The present invention may also proceed in an induction-type furnace
or using a fluidized bed-type system with no detectable
interruption between steps 113 and 114. As illustrated by dashed
line 120 in FIG. 2b, a first alternate embodiment of the invention
consists of ramping up nearly continuously from a first holding
temperature Tl to second holding temperature T.sub.2. In practice,
a plot of the actual temperatures at which the article is heated
will more closely resemble that of alternate 2, dotted line 130 in
FIG. 2b, since it is very difficult, if not impossible, to maintain
one or more articles at a precise holding temperature with most
current equipment. The furnace temperature may be kept constant,
but the temperature of its contents will tend to vary from piece to
piece, edge to middle and from second to second. It is often more
appropriate to refer to aging treatments by taking into account, or
integrating, all the precipitation hardening effects which occur
when heating up to and/or down from a particular temperature range.
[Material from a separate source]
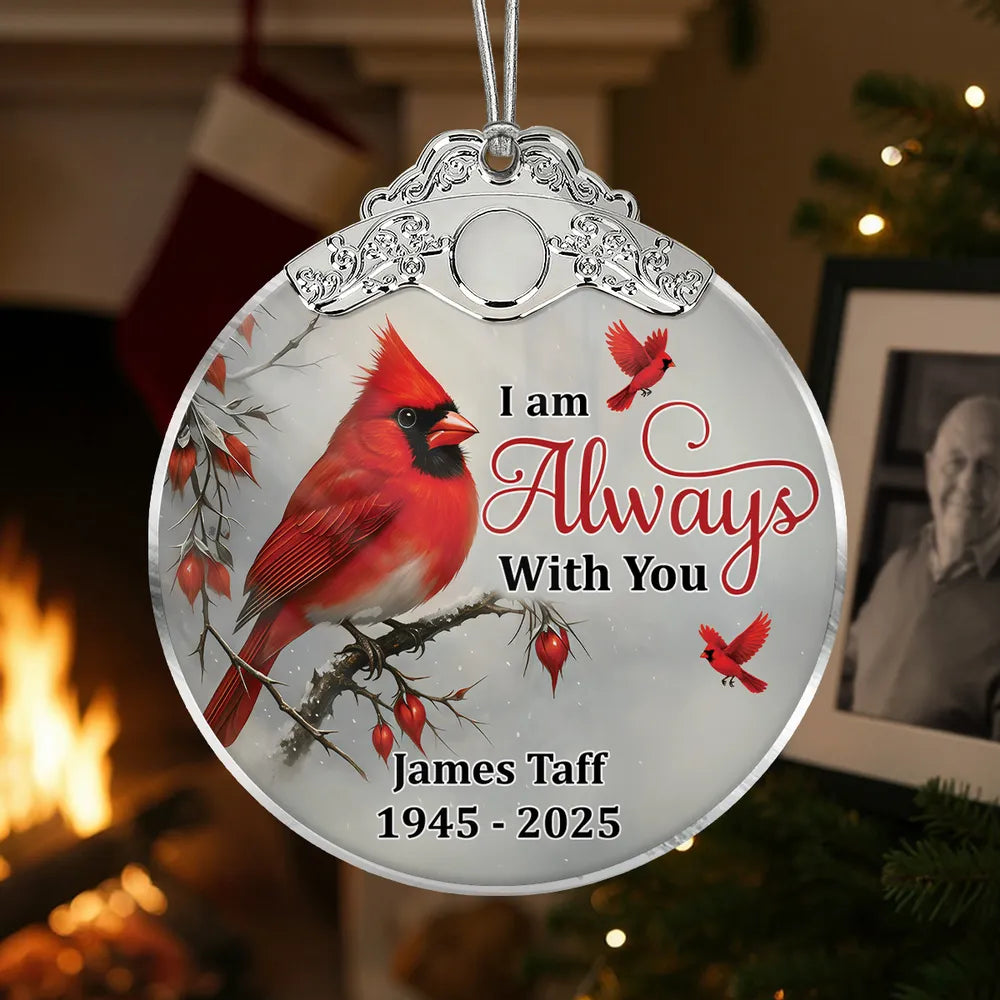 Silver Capped Glass Ornament with Cardinal design, symbolizing protection and togetherness, thoughtful gift for loved ones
This effect is disclosed in further detail in U.S. Pat. No.
3,645,804, the disclosure of which is incorporated herein by
reference. Accordingly, another alternative embodiment of the
invention comprises solution heat treating 131 an aluminum alloy
product through a first temperature range, rapidly quenching 132
the product, aging to one or more variable temperatures in second
range 133, followed by further aging at one or more variable
temperatures in a third range 134. The latter alternate embodiment
may also include a purposeful interruption similar to 115 between
ranges 133 and 134 although it is shown otherwise. With the
development of still more efficient, computer programmable
furnaces, it may also be possible to achieve the improved results
of this invention by proceeding at very slow heating rates
(constant or otherwise) from the first step and through the second
step to produce a thermal treatment which resembles a single aging
step, alternate 3, or dotted-dashed line 140 of FIG. 2b.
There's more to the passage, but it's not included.